B- La société civile

La société civile dans cette étude sera essentiellement composée d’Organisations Non Gouvernementales nationales et internationales. Dans la gestion du risque environnemental au Gabon, les populations et les Organisation Non Gouvernementales (ONG) nationales notamment sont exclues dans les prises de décisions stratégiques, leurs avis, de manière générale, ne sont généralement pas pris en compte.
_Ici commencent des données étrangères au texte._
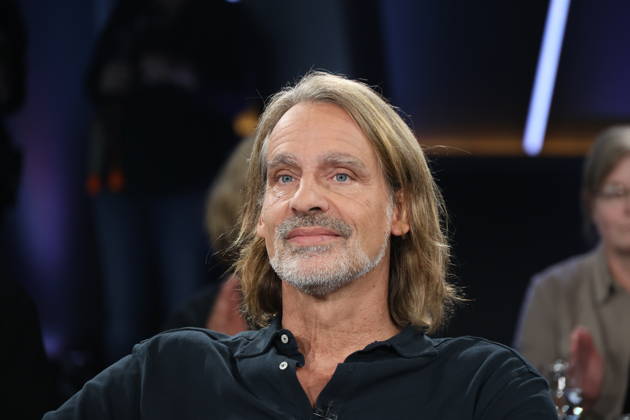 Richard David Precht, philosopher and author, will be a guest on the NDR Talk Show on October 9, 2026, on NDR Television’s Channel 3; a photo op will take place before the taping on October 2, 2026, at the Hamburg Lokstedt television studio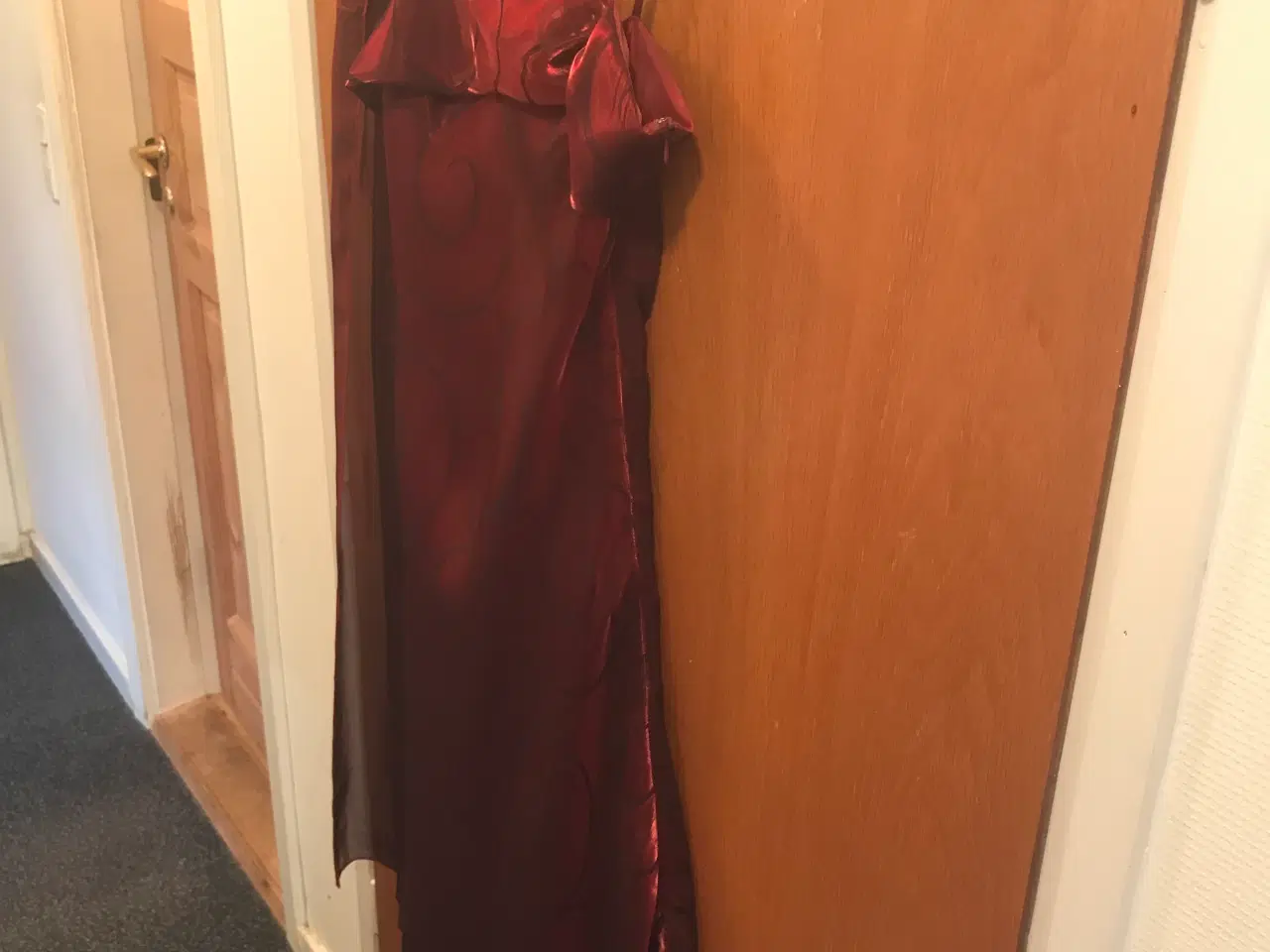 Billede 1 - Sandriline Gallakjole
Ces derniers en effet, sont souvent mis à l’écart dans le processus de décisions et leurs propositions n’influencent généralement pas celles prises au niveau national par l’Etat.

Aussi, concernant les Organisation Non Gouvernementales (ONG), est-il pour nous plus judicieux de faire une distinction entre les Organisations Non Gouvernementales nationales et celles internationales car, cette distinction est importante dans la mesure où le rapport de pouvoir n’est pas le même. Les Organisations Non Gouvernementales ONG internationales bénéficient d’une influence et d’une crédibilité plus importantes contrairement aux Organisations Non Gouvernementales nationales.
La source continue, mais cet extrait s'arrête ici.